Luke 13:1-9 Sunday 24 March 2019

Psalm: Psalm 63:1-8


Jesus was near to Jerusalem and perhaps the sense of danger focused his teaching on the priority of repentance; for people to ‘change their minds’ from habitual human thinking to the open hearted, open minded ways of God before it was too late.

(v. 1) Some people in the crowd told Jesus that the Roman Governor in Jerusalem, Pontius Pilate, had ordered the murder of Galilean pilgrims who had come to the Temple to offer sacrifices. Jesus and his disciples are Galileans. It was a fear-full thing to be told.

Popular Jewish thinking would consider these Galileans to be particularly bad sinners and that Pilate was the instrument of God’s punishment. Jesus dismissed this idea. They were no worse than any other Galileans. In real life, people were killed by violent tyrants. It had nothing to do with reward or punishment for sin. No one was immune from the possibility of a violent death, so today was the day to make sure you were right with God and neighbour.

(v. 4) This was true also of those killed when the tower of Siloman collapsed. Tragedies happen. Today, was the day to turn to God; don’t leave it too late.           

(v. 6) The fig tree story suggests a parable about the need to turn to God. If there are no fruits coming out of this turn, then the tree will get cut down.

The listener is presented with puzzles in the story, which they need to wrestle with, typical of a parable.

Why would a fig tree be planted in a vineyard? Is the fig tree perhaps supporting the growth of the vine (something mentioned by the ancient writer Pliny)?

Why is there a gardener and a landowner in the story?

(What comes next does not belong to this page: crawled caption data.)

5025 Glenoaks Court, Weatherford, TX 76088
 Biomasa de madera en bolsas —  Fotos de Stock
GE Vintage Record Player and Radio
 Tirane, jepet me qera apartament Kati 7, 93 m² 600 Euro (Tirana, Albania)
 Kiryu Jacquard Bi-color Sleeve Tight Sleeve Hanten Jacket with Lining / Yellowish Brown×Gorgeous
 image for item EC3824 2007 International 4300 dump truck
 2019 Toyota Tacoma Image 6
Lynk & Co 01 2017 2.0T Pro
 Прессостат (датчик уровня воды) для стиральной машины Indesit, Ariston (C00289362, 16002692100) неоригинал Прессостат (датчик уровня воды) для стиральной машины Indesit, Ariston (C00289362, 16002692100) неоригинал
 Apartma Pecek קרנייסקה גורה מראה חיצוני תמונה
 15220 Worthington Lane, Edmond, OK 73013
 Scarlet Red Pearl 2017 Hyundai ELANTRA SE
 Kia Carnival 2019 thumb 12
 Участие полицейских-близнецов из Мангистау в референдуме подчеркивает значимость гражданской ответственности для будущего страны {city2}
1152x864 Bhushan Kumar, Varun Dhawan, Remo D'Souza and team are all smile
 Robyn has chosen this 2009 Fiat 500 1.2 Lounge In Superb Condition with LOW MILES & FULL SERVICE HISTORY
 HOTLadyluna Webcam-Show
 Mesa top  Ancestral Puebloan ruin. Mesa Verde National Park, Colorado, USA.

It is the gardener who pleads for extra time for the fig tree. Yet surely it is his responsibility if the tree has failed to produce fruit? Are we to think of the owner as God, and Jesus as the gardener? (Mary Magdalene mistook Jesus for a gardener after the resurrection.)

Or are the owner and gardener showing two sides of God, the side of justice and that of mercy?

Or is the story about shared responsibility in the kingdom of God: who plants, who tends, who uproots?


To Ponder:

  • How do you deal with the fact that terrible things can happen to good people?
  • What is your take on there being a landowner and a gardener in the story?
  • What sort of fruits do you think Jesus might have been suggesting his listeners look for and why might the gardener have been pleading for extra time?